Hastig holte er die Tueten und Taschen aus dem Wagen, worin die Mutter Kartoffeln und Buegelwaesche verstaut hatte und schleppte sie hoch. Er haette leicht auf beides verzichten koennen, keiner trug heute noch gebuegelte Oberhemden, wenn es ihr nicht so wichtig gewesen waere.

Von den Andern schien keiner da zu sein, auf den Fluren nicht und auch aus den Zimmern war kein Geraeusch zu hoeren. Er ignorierte das subtile Gefuehl der Einsamkeit, das wie ein feines Spinnweb in der Stille hing. Er huschte die Stufen wieder herab und fuhr wie geplant zur Uni, mal sehen was anlag, ob die VV am Freitag den Streik beendet hatte.

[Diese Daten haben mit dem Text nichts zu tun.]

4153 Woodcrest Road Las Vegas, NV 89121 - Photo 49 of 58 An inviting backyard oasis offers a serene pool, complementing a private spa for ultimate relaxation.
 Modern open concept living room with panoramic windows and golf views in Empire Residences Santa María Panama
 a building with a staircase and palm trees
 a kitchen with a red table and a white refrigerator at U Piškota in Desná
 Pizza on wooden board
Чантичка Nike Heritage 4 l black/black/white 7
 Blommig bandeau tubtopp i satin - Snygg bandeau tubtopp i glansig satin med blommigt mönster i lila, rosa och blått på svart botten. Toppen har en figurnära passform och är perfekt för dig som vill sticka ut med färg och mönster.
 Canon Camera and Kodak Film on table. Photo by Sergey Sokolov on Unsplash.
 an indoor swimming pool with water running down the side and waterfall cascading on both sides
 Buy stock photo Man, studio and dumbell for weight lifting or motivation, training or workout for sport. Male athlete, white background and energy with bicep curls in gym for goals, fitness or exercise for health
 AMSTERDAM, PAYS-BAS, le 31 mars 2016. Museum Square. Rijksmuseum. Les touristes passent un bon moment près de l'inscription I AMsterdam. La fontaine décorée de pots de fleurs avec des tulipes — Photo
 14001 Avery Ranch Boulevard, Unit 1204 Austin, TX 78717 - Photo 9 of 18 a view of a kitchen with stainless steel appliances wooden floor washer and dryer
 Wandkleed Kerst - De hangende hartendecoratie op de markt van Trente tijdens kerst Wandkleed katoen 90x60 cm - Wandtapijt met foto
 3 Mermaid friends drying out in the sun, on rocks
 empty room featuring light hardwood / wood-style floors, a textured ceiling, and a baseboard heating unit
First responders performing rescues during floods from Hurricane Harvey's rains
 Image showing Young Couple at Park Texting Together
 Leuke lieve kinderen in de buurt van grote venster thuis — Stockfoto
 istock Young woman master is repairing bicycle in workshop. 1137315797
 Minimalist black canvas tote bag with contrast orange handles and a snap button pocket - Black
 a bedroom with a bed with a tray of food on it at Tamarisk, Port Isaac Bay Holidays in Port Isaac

Die Ingenieure waren in einem Provisorium untergebracht, einer Art Containerdorf, und im Hinblick auf den bevorstehenden Umzug seit Jahren nicht mehr instandgehalten, so dass bei starkem Regen an manchen Stellen Wasser auf die Flure tropfte. Sie hatten es trotzdem liebgewonnen, so nah am Puls des Lebens - in Harburg wuerde man in Betonsilos gefangen sein.

Auf der ganzen Flaeche des Hauptcontainers hatten verschiedene Buende und Organisationen in regelmaessigen Abstaenden ihre Buecher- und Infotische aufgebaut. Im Moment standen die meisten verwaist und eine flachweite Einsamkeit lag wie ein sanfter Wind in der Halle.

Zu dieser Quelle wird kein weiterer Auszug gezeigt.